I recently reread Daniel Goleman’s 1998 Harvard Business Review article on emotional intelligence .  Goleman’s research showed that as individuals get more senior in organizations, differentials in performance are a function not of intellect and technical skills but of emotional intelligence.

When I compared star performers with average ones in senior leadership positions, nearly 90% of the difference in profiles was attributable to emotional intelligence factors rather than cognitive abilities.

Emotion intelligence, in Goleman’s definition, is comprised of:

Self-Awareness: the ability to recognize and understand your moods, emotions, and drives, as well as their effect on others

Self-Regulation: the ability to control, or redirect, disruptive impulses and moods; the propensity to suspend judgment – to think before acting

Motivation: a passion to work for reasons that go beyond money or status; a propensity to pursue goals with energy and persistence

Empathy: the ability to understand the emotional makeup of other people; skill in treating people according to their emotional reactions

Social Skill: proficiency in managing relationships and building networks; an ability to find common ground and build rapport.

So what do I do when you come across something like this – a potentially powerful insight that turns your current thinking on its head?  Do I totally revamp my hiring process?  Do I do nothing?  Or do I tinker around the edges?

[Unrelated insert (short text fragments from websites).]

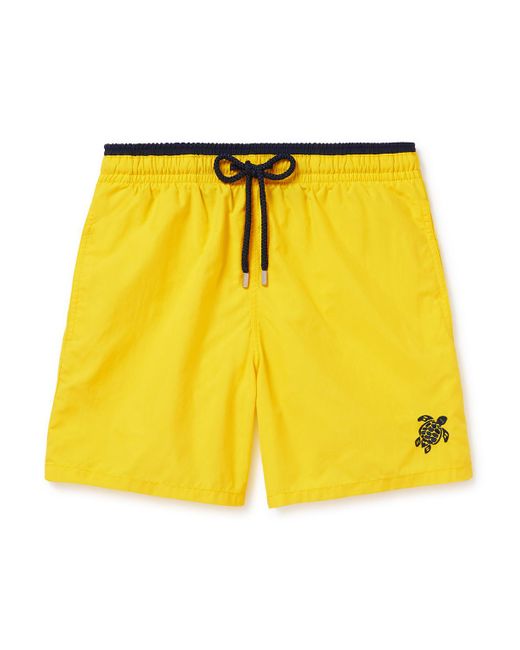 Vilebrequin Yellow Moka Straight-leg Mid-length Econyl® Swim Shorts for men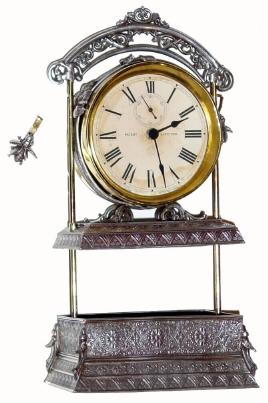 C.1900, Ansonia, Rare Secret Jewelry Box clock combination, in good original condition, — Antique Clocks Price Guide
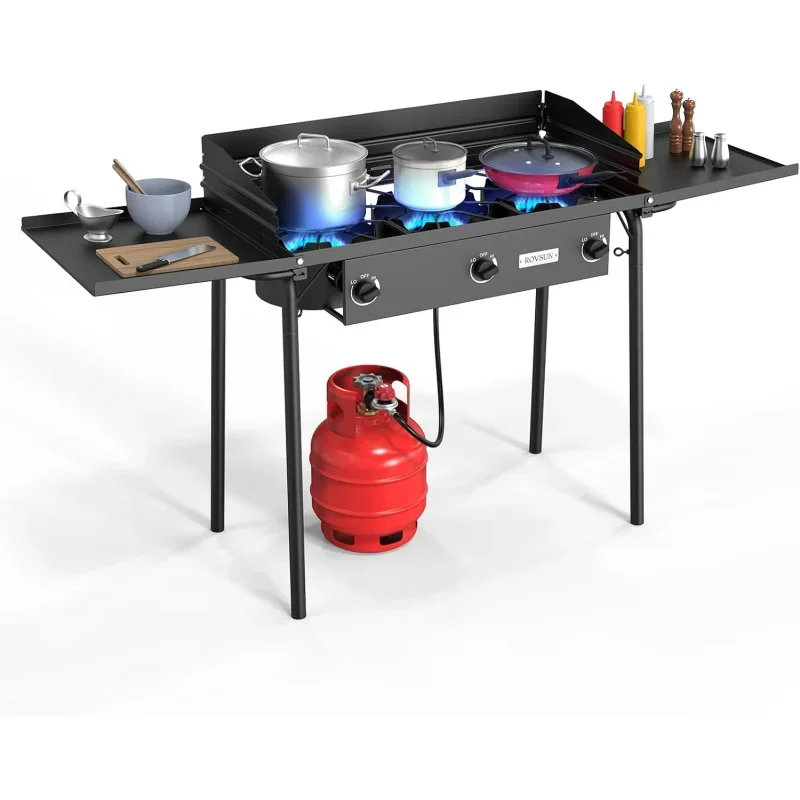 3 Burner Gas Stove with 2 Side Shelves, 225,000BTU Portable Propane Stove with Removable Leg, Wind Panel, Regulator Camping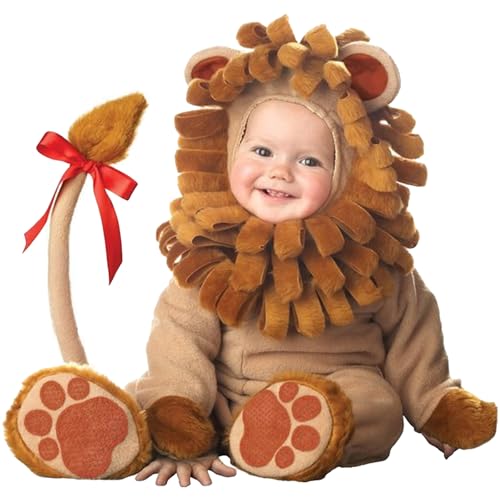 QIYUANT Baby Löwe Kostüm Klein-Kinder Faschingskostüm Jungen Mädchen Fasching Karneval Halloween 0-3 Jahren Fleece Strampler Onesie Kinderkleidung mit Kapuze und Futter 80 (6-12 Monate) von QIYUANT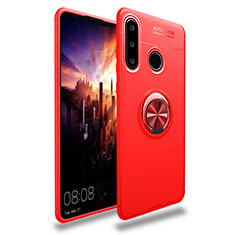 Silikon Hülle Handyhülle Ultra Dünn Schutzhülle Tasche Silikon mit Magnetisch Fingerring Ständer T03 für Huawei P30 Lite New Edition Rot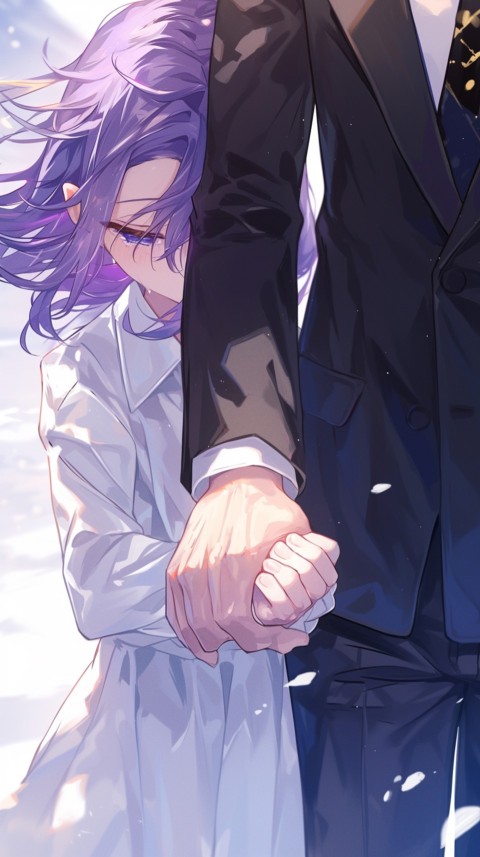 Anime Father Walking hand in Hand with Son Daughter Aesthetic (5)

As someone who’s constantly on the lookout for these sorts of insights, I know I don’t adopt every great new idea I come across.  Sometimes that’s because I don’t fully believe in an idea, but often it’s because I don’t have the guts (or the willingness to take the social risk) to try it (e.g. conduct all meetings standing up).

There are four possible orientations to great ideas.

  1. Never find them in the first place (don’t read the books, the blogs, watch the TED talks, etc.)
  2. Consume them and ignore them
  3. Consume them and incorporate them a bit around the edges
  4. Embrace them, test them out, and be willing to incorporate them if they work for you

While option 1 (living heads down, actively hiding from all the amazing ideas that are spreading) is the most obvious thing to avoid, it’s options 2 and 3 that are more subtle and just as troublesome.  You come across something great, but you don’t actually do anything to make it yours.

As in, “That sounds great, but we can’t really do it that way because….” or, worse, “Well sure that might work for her but that would never work for us because…”

The moment we have a bias towards action, we read/act differently.  We’re no longer couch potatoes, waiting to be entertained, we’re active learners leaning forward, taking notes in the margins, sharing the bits we like the best, starting discussion groups, having five other people read the same book so all of us can test out new ideas together.

We come across too many great ideas to allow insight to be a spectator sport.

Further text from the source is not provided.